Michaela Pagel, Assistant Professor, Columbia Business School: Fully Closed: Individual Responses to Paper Versus Realized Capital Gains and Losses

Time:2018-03-14 Print

Topic: Fully Closed: Individual Responses to Paper Versus Realized Capital Gains and Losses

Speaker: Michaela Pagel, Assistant Professor, Columbia Business School

Date: March 14th (Wednesday)

Time: 10:00-11:30am

Location: Building 4, Room 101

Language: English


We use transaction-level data for portfolio holdings and trades as well as account balances, income, and spending of a large sample of retail investors to explore how individuals respond to paper versus realized capital gains and losses. To identify the effects of realized gains and losses, we exploit plausibly exogenous mutual fund liquidations. Specifically, we estimate the marginal propensity to reinvest out of one dollar received from a forced sale event when the investor either achieved a capital gain or a loss relative to his or her initial investment.

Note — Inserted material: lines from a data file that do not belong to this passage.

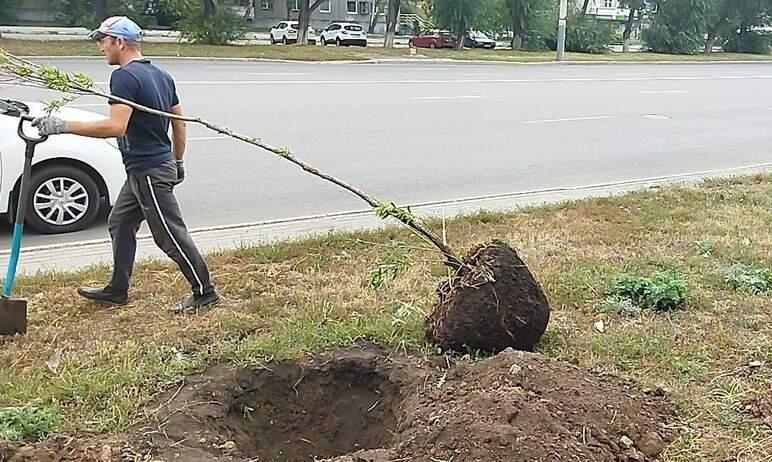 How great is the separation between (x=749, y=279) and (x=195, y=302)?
11.8 feet

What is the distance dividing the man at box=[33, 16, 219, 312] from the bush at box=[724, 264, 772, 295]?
11.1 feet

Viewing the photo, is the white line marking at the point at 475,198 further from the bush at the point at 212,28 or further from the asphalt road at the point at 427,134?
the bush at the point at 212,28

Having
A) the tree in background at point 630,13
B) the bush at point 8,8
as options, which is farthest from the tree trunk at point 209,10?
the tree in background at point 630,13

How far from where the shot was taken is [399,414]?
153 inches

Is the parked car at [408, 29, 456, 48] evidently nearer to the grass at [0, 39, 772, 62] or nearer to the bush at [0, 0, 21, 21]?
the grass at [0, 39, 772, 62]

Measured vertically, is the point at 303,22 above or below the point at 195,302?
above

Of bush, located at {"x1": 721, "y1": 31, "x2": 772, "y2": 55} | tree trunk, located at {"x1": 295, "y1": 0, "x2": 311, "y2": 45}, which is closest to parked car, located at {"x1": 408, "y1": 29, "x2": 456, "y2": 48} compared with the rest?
tree trunk, located at {"x1": 295, "y1": 0, "x2": 311, "y2": 45}

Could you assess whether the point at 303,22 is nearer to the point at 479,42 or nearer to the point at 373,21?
the point at 479,42

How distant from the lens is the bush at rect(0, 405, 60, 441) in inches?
138

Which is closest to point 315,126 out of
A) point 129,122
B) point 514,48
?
point 129,122

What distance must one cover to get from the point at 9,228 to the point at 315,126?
6532 mm

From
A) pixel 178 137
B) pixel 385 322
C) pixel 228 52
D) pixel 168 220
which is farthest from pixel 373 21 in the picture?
pixel 385 322

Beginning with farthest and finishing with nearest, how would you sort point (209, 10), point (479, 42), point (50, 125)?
1. point (479, 42)
2. point (209, 10)
3. point (50, 125)

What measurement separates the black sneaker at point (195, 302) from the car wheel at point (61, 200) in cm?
249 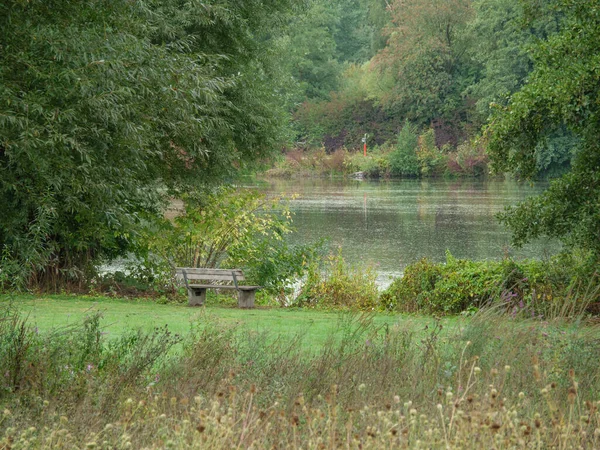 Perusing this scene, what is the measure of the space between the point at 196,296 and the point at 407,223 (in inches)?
710

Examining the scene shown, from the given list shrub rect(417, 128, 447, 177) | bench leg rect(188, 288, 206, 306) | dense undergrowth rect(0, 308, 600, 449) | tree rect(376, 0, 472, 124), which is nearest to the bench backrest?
bench leg rect(188, 288, 206, 306)

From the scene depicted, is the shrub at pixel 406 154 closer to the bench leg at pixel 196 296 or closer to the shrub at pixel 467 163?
the shrub at pixel 467 163

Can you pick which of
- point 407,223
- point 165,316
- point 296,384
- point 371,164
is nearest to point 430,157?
point 371,164

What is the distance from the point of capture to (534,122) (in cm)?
1066

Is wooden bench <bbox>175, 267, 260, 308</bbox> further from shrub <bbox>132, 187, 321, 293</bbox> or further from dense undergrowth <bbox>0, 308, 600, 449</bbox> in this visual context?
dense undergrowth <bbox>0, 308, 600, 449</bbox>

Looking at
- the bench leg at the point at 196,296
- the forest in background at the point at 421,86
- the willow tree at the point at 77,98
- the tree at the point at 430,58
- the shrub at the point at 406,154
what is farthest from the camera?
the tree at the point at 430,58

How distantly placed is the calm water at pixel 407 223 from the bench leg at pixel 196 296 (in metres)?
4.60

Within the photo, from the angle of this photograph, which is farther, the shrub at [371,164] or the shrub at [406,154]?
the shrub at [371,164]

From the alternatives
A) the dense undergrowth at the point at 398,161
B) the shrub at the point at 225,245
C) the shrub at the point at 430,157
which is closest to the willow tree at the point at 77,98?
the shrub at the point at 225,245

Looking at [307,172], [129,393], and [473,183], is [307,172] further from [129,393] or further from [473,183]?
[129,393]

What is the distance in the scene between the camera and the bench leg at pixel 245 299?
13.5 metres

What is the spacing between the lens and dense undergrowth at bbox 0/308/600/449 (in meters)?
4.42

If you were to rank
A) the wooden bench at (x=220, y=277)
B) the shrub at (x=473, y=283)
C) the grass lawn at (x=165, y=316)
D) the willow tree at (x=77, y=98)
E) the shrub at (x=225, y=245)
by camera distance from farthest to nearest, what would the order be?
the shrub at (x=225, y=245), the wooden bench at (x=220, y=277), the shrub at (x=473, y=283), the grass lawn at (x=165, y=316), the willow tree at (x=77, y=98)

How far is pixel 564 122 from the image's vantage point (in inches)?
430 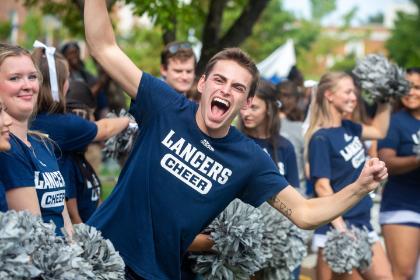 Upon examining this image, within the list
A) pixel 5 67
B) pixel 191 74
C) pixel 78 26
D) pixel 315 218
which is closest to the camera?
pixel 5 67

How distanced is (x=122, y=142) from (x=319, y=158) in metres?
1.52

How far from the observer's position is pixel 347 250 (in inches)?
251

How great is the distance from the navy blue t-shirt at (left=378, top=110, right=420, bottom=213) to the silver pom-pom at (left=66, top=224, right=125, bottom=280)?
3880 millimetres

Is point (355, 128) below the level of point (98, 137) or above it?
below

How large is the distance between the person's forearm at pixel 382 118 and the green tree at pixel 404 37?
3378 centimetres

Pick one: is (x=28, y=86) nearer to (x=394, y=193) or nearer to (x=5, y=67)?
(x=5, y=67)

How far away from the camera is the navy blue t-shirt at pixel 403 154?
7383mm

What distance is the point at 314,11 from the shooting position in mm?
65562

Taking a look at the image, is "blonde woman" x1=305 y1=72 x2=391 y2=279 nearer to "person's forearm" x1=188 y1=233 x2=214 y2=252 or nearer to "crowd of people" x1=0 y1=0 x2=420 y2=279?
"person's forearm" x1=188 y1=233 x2=214 y2=252

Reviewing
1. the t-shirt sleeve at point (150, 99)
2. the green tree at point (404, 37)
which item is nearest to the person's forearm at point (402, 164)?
the t-shirt sleeve at point (150, 99)

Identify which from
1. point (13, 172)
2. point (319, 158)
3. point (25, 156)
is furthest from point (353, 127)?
Answer: point (13, 172)

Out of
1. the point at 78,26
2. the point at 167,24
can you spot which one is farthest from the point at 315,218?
the point at 78,26

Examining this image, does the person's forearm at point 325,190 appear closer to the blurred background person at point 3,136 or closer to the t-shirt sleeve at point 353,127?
the t-shirt sleeve at point 353,127

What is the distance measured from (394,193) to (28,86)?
420 cm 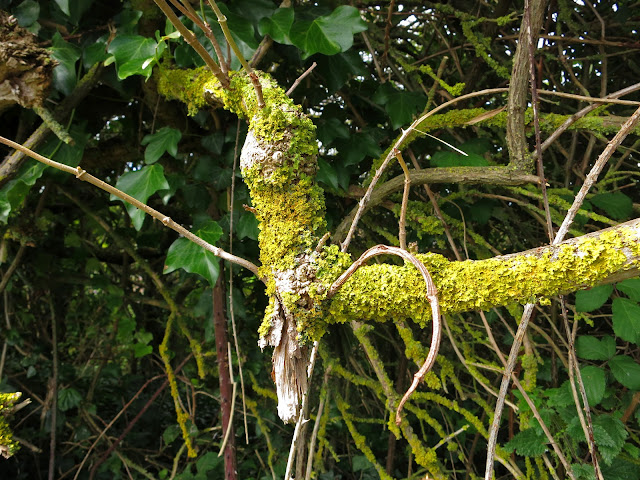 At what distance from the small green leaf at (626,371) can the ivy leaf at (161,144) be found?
1.08m

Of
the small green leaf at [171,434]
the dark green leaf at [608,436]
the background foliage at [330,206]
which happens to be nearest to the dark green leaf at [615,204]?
the background foliage at [330,206]

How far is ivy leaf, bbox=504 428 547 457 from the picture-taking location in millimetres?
1164

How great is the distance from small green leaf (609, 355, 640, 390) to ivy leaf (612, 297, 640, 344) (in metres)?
0.12

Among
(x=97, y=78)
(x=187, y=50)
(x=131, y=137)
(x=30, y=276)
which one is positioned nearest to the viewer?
(x=187, y=50)

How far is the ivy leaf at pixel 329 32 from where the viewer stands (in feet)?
3.30

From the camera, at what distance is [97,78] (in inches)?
45.2

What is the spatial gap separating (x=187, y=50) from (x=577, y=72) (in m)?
1.34

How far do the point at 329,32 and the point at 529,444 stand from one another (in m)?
0.96

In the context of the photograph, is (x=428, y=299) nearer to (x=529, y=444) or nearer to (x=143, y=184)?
(x=143, y=184)

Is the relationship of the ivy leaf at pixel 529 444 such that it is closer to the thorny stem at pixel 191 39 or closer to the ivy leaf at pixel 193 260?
the ivy leaf at pixel 193 260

Theoretically, if individuals held optimized portfolios, the marginal propensity to reinvest out of forced liquidations should be 100% independent of realizing a gain or a loss. Individuals should just reinvest all of their liquidity immediately into a fund with similar characteristics. Empirically, individuals keep a share of their newly found liquidity in cash, save it, consume it, or reinvest it into different funds, stocks, or bonds. Moreover, individuals reinvest 89% if the forced sale resulted in a capital gain, but only 46% in the event of a loss. Such differential treatment of gains and losses is inconsistent with active rebalancing or tax considerations but consistent with mental accounting and the idea that individuals treat realized losses differently from paper losses.

About the speaker:

Michaela Pagel is an Assistant Professor at Columbia Business School. She received her Ph.D. from the Economics Department at UC Berkeley and works on topics in behavioral economics, household finance, and macroeconomics. Her dissertation focused on the consumption and investment implications of non-standard preferences. More specifically, she theoretically studied how decision-making is affected by people's beliefs about their consumption. Her current work analyzes transaction-level data on income, spending, balances, credit limits, and logins stemming from a financial aggregation app. Furthermore, she is working with bank account data linked to individual investors' security trades and portfolios.